* [ASSIGNMENT]
Give the data again word for word; drop the pictures.

* [SUPPLIED INFORMATION]
[Start of Attachment]
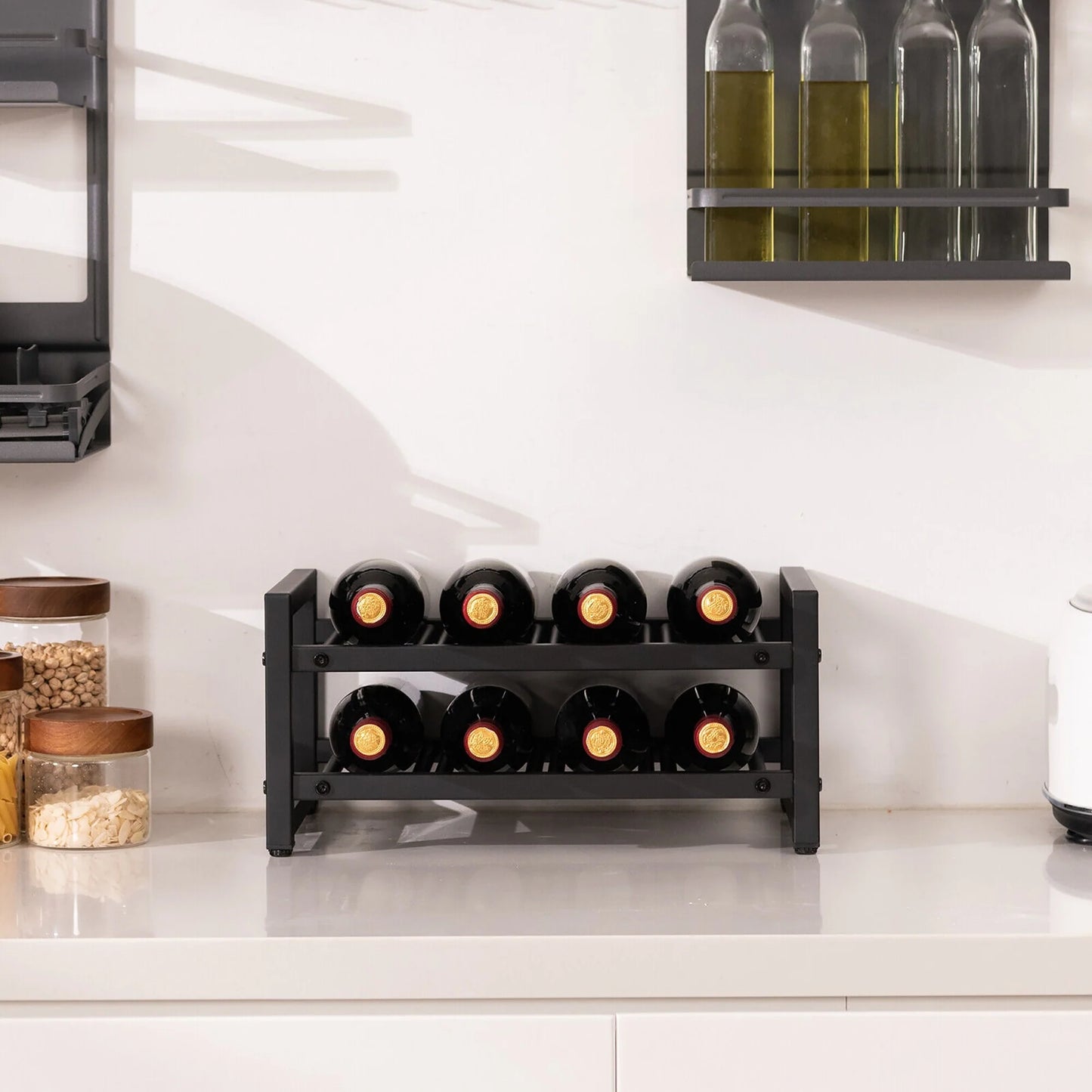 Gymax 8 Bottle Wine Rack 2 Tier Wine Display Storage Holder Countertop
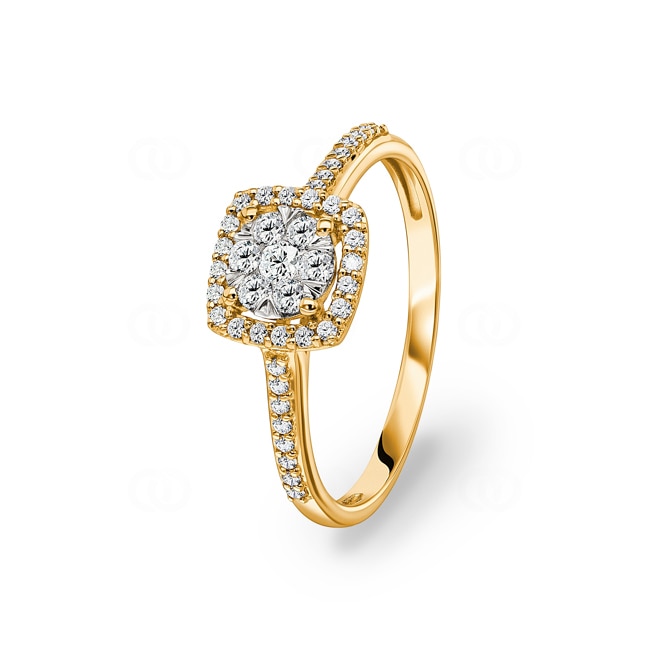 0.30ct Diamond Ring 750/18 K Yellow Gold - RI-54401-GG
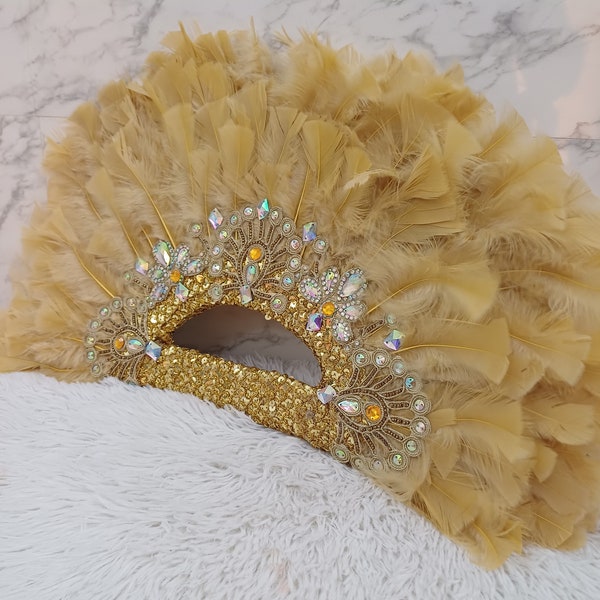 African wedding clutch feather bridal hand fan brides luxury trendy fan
[End of Attachment]
* [WORKED SOLUTION]
 Gymax 8 Bottle Wine Rack 2 Tier Wine Display Storage Holder Countertop
 0.30ct Diamond Ring 750/18 K Yellow Gold - RI-54401-GG
 African wedding clutch feather bridal hand fan brides luxury trendy fan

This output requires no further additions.